Phenotypic profiling reveals polystyrene nanoplastics elicit sublethal and lethal effects on cellular morphology in rainbow trout gill epithelial cells

Abstract

Extensive knowledge is available on the impacts of both engineered nanomaterials (ENMs) and microplastics (MPs), yet there remains a critical gap in understanding the impacts of nanoplastics, and the cellular and subcellular effects at sublethal concentrations. This study investigates the impacts of polystyrene nanoplastics (PS NPs) on Oncorhynchus mykiss (rainbow trout) gill epithelial cells, emphasizing the crucial role of surface charge in nano–bio interactions. The current study employs both traditional and non-traditional toxicological techniques presenting an image-based study to examine PS NP–cellular interactions at sublethal and lethal doses. Our findings demonstrated that relative to the uncharged and negatively charged PS NPs, the positively charged PS NPs significantly decreased cell viability at 4 μg mL⁻¹ (EC₅₀: 4.31 μg mL⁻¹).

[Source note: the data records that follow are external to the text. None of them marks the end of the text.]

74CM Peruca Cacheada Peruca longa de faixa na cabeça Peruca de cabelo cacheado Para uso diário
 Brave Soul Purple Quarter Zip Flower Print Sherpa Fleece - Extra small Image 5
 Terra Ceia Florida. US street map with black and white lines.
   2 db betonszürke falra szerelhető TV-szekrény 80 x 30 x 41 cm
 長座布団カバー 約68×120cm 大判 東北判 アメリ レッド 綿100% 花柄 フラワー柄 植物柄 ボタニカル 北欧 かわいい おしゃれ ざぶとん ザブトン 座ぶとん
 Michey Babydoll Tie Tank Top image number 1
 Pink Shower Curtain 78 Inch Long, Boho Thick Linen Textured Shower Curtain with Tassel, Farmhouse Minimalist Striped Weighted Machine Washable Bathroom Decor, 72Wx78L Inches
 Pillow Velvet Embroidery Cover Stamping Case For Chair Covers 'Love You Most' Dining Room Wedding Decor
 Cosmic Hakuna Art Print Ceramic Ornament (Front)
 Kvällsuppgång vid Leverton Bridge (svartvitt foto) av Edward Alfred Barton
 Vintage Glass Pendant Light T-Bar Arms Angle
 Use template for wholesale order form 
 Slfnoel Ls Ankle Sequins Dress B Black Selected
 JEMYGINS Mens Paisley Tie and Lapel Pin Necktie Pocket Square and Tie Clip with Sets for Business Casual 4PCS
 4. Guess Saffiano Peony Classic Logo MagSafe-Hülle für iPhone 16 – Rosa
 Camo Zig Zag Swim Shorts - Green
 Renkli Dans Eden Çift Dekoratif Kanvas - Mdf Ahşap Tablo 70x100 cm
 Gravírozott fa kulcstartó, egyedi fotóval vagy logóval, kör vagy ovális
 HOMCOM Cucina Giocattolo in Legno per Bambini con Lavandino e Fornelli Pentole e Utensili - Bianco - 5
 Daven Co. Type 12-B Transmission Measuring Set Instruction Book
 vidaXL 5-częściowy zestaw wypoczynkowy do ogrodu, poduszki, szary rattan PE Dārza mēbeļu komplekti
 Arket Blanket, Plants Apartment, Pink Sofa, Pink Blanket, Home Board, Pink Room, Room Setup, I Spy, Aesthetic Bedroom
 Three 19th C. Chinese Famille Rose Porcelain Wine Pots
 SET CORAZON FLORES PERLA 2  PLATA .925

However, at a sublethal concentration of 2 μg mL⁻¹, phenotypic profiling analysis indicates that positively charged PS NPs elicit a significant change to cellular morphology and suggests key interactions with subcellular components. As the impacts measured are novel, further research into the underlying mechanisms will contribute to our understanding of nanoparticle toxicity in vertebrate species guiding both the policy and sustainable design of nanoparticles.